[Data excerpts]

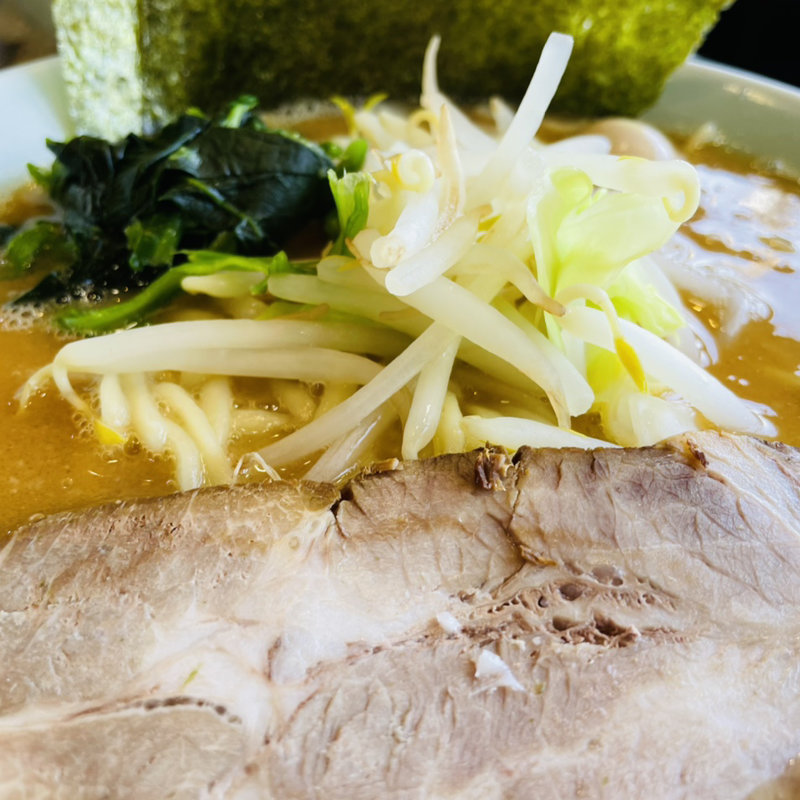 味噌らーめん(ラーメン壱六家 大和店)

[/Data excerpts]
[Data excerpts]

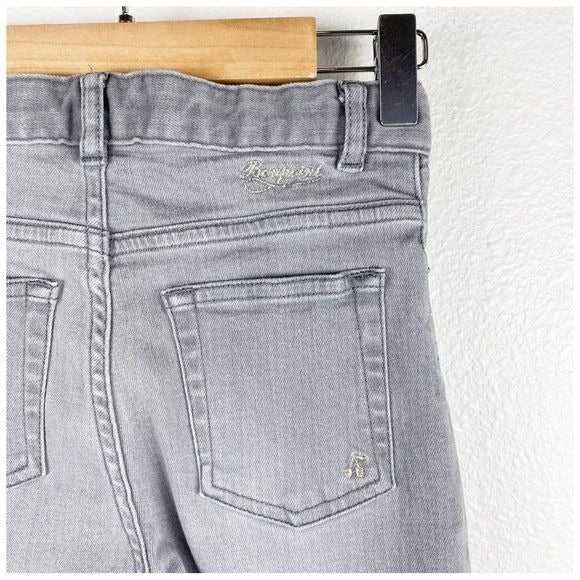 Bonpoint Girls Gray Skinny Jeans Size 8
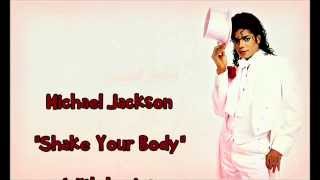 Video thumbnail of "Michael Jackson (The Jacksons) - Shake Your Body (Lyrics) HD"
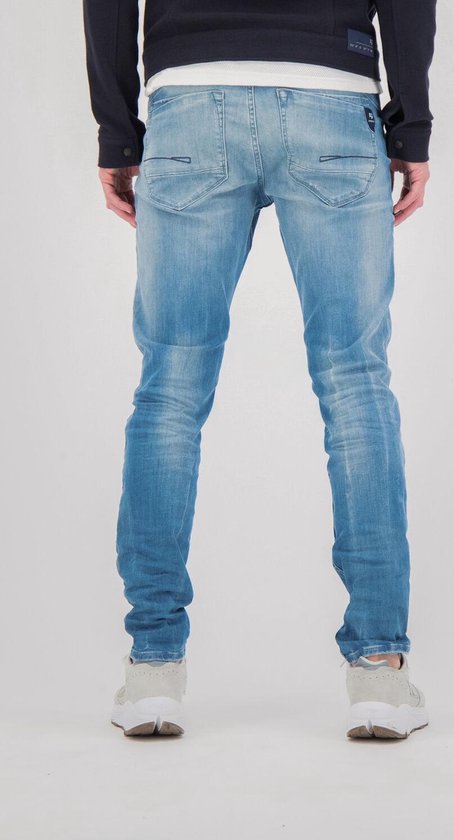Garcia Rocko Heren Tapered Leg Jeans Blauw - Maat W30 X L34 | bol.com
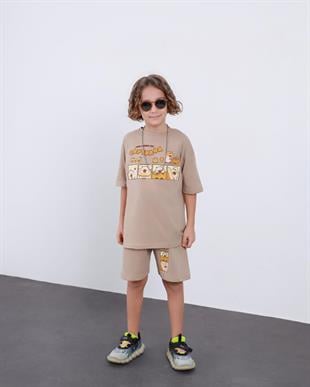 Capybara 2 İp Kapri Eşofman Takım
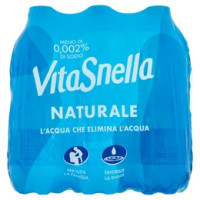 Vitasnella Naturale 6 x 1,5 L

[/Data excerpts]

When you reach the line holding "Garcia Rocko Heren" in the listing above, begin retyping exactly, and stop once the line holding "Vitasnella Naturale 6 x 1,5 L" is done; pictures stay out.

Garcia Rocko Heren Tapered Leg Jeans Blauw - Maat W30 X L34 | bol.com
 Capybara 2 İp Kapri Eşofman Takım
 Vitasnella Naturale 6 x 1,5 L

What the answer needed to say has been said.